A former professor’s tip yields many new lessons.
No matter how long ago you were in college, your professors pop up in your life again without warning. As it has slowly dawned on me that I'll never read all the nonfiction books I’ve accumulated to read at some later date, I remembered a lesson from one of my professors at Saint Louis University, Walter J. Ong.
The Jesuit priest, who became president of the Modern Language Association in 1978, was a polymath of some accomplishment, writing on everything from Gerard Manley Hopkins to Marshall McLuhan.
He gave us a massive reading list for our English course but explained that he did not expect us to read every book all the way through. Rather, he said, we should read “in” the book. Sample it, so to speak; taste it. Find out how the writer’s mind worked, what he or she was getting at.
So I’ve decided this is just the approach for my shelves full of unread nonfiction books. (I read slowly and focus on fiction, but I have accumulated a lot of nonfiction over the years.)
One of the first books I plucked off the shelf was Louis Menand’s 2001 book, The Metaphysical Club, on the impact of four original American thinkers after the Civil War. Menand’s thesis is that these four — Oliver Wendell Holmes, William James, Charles Sanders Peirce, and John Dewey — had a profound impact on the direction of American thinking due to their common notion that ideas should not be ideology.
Although the other three are much better known, I immediately went to the chapter on Peirce and his father, Benjamin Peirce. Here again, an old college professor, James Collins, influenced my choice, because he devoted a third of his course on modern philosophy to the little-known founder of semiotics.
It was interesting to get re-acquainted with Peirce, but what struck me most was Menand’s description of how students experienced the Harvard philosophy classes of the father, Benjamin. “Few men could suggest more while saying so little, or stimulate so much while communicating next to nothing that was tangible and comprehensible,” a former student wrote.
This is a perfect description of my experience of James Collins, who left us dazed at the end of each class with illumination that vanished all too quickly but which was nonetheless immensely gratifying.
The other books I’ve been sampling have less of an emotional tie to my past. Bloodlands: Europe Between Hitler and Stalin is a frighteningly vivid account of the slaughter of 14 million civilians before and during World War II, mostly in the flat region between Germany and Russia occupied by Poland and Ukraine.
The latter country has, of course, become extremely topical, but author Timothy Snyder supplies a horrifying backdrop as to the cost in human lives experienced in Ukraine from Stalin’s artificially generated famine through Hitler’s shooting of Jews. “During the years that Stalin and Hitler were in power,” Snyder writes, “more people were killed in Ukraine than anywhere else in the bloodlands, or in Europe, or in the world.”
Even Ron Chernow recently confessed he is such a slow reader that he would have trouble slogging through the massive biographies he writes.

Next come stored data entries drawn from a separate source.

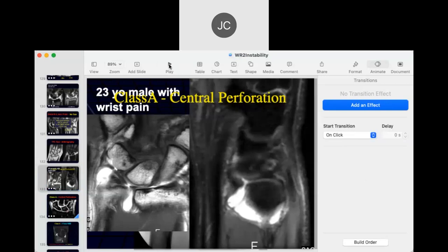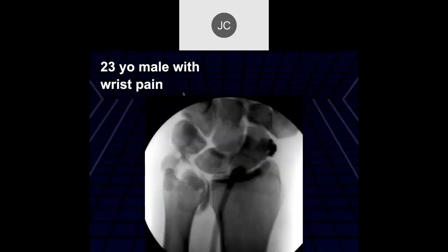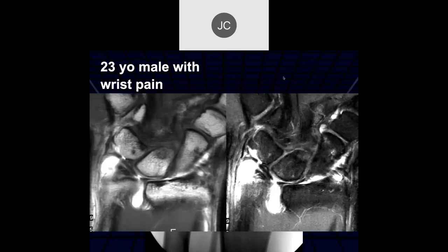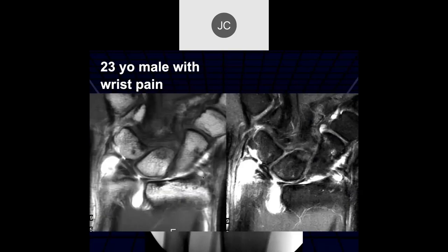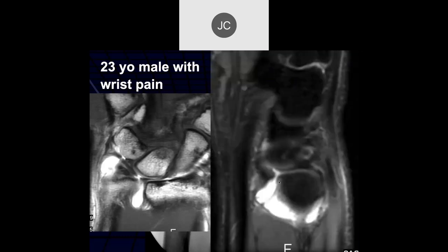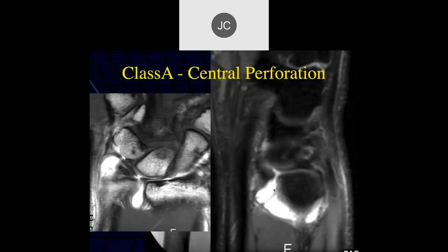Okay, we're back on now. Here we can see a positive arthrogram and the MR scan showing the contrast extending through a central perforation with a complex tear. Sagittal images show it's really occurring in the volar aspect of the triangular fibrocartilage — this was a Class A or central perforation.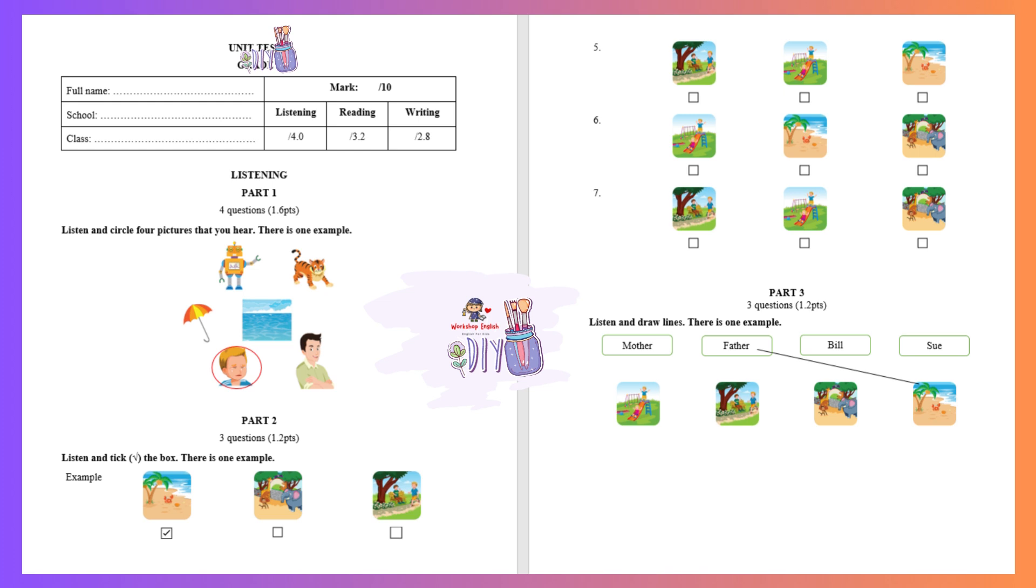R, r, robot. S, s, sea. T, t, tiger. U, u, umbrella.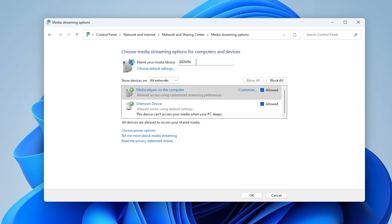To rename your media library, look for the field that says Name Your Media Library, enter a custom name of your choice, and then confirm.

That made me feel better about not finishing Alexander Hamilton. I have, however, enjoyed sampling John Milton Cooper’s Woodrow Wilson: A Biography.
Wilson has become quite controversial because so many of his attitudes, particularly his racism, are so completely out of sync with modern thinking. But he had a terrific and lasting impact on our history, and my friends who do read biographies assure me Cooper’s work, nominated for a Pulitzer Prize, is far superior to the Wilson biography by A. Scott Berg, better known as a Lindbergh biographer.
Two other nonfiction books I’m reading “in” have had a much shorter life on my shelves. The Swerve: How the World Became Modern by Stephen Greenblatt, was lent to me by a friend. It’s a fascinating account of how the Renaissance rediscovery of a Roman poet modernized Western thinking.
Another friend recommended Mortal Republic: How Rome Fell into Tyranny by Edward J. Watts. It is a bit self-consciously drawing a parallel to our own situation in the United States, but who’s to say there aren’t some lessons for us there?
Not a bad haul. This kind of sampling may not be ideal, but I feel much wiser now than when I was waiting for the time and energy to read the whole books.